Modelling and confocal microscopy of biopolymer mixtures in confined geometries

Abstract

The morphology of a phase separating and gelling biopolymer mixture (gelatin-maltodextrin) is strongly affected not only by thermodynamic conditions, but also by the presence of a restricted geometry. Phase separation within droplets is analysed using confocal laser scanning microscopy and image analysis by varying concentration (4% gelatin and 4%-7.3% maltodextrin), quench temperature (10 degrees C to 25 degrees C) and droplet diameters (10 mu m-120 mu m).

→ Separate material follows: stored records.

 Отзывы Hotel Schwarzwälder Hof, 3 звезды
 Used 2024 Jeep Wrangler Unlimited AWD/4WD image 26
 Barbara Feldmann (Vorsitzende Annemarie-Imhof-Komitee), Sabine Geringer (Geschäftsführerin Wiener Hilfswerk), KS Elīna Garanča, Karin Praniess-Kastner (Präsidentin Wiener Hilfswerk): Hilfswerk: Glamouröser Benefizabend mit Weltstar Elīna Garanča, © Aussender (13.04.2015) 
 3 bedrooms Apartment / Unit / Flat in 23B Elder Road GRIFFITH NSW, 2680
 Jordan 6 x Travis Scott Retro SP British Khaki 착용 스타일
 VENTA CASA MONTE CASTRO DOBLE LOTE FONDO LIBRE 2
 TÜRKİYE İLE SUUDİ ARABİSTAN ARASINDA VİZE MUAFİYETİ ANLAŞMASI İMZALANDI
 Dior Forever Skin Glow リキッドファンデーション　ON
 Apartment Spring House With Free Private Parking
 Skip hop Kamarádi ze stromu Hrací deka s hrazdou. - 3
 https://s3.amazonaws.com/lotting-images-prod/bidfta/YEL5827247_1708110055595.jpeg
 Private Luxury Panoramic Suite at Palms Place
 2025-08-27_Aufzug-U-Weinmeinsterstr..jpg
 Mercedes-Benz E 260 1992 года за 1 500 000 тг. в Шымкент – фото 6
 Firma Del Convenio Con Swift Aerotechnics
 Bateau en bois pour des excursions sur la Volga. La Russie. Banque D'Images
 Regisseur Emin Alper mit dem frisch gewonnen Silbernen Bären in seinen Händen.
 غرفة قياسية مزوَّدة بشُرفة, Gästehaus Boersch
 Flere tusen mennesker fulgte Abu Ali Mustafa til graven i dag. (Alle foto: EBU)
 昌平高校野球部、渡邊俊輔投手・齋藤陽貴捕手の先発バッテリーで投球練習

The effects of confinement as well as quench temperature increase with increasing maltodextrin concentration in 120 mu m sized droplets. In small droplets below 20 mu m, the confinement and surface dominate the microstructure. The trends observed show good agreement with predictions of the elastic Lennard-Jones (ELJ) model, adapted to handle confinement, that is solved via conventional molecular dynamics. A one-dimensional spin-chain with variable bond length is furthermore introduced and shown to capture a number of qualitative behaviors. The findings reveal that the confined biopolymer mixture can be characterized by the very few parameters of the ELJ model, which incorporates the basic mechanism of short range attraction (collapse, crystallization) versus long range elastic repulsion (osmotic penalty). Accordingly, the study suggests that the model provides a handle towards the morphological design of binary polymer mixtures in microcapsules, droplets or other geometries of well defined size and shape.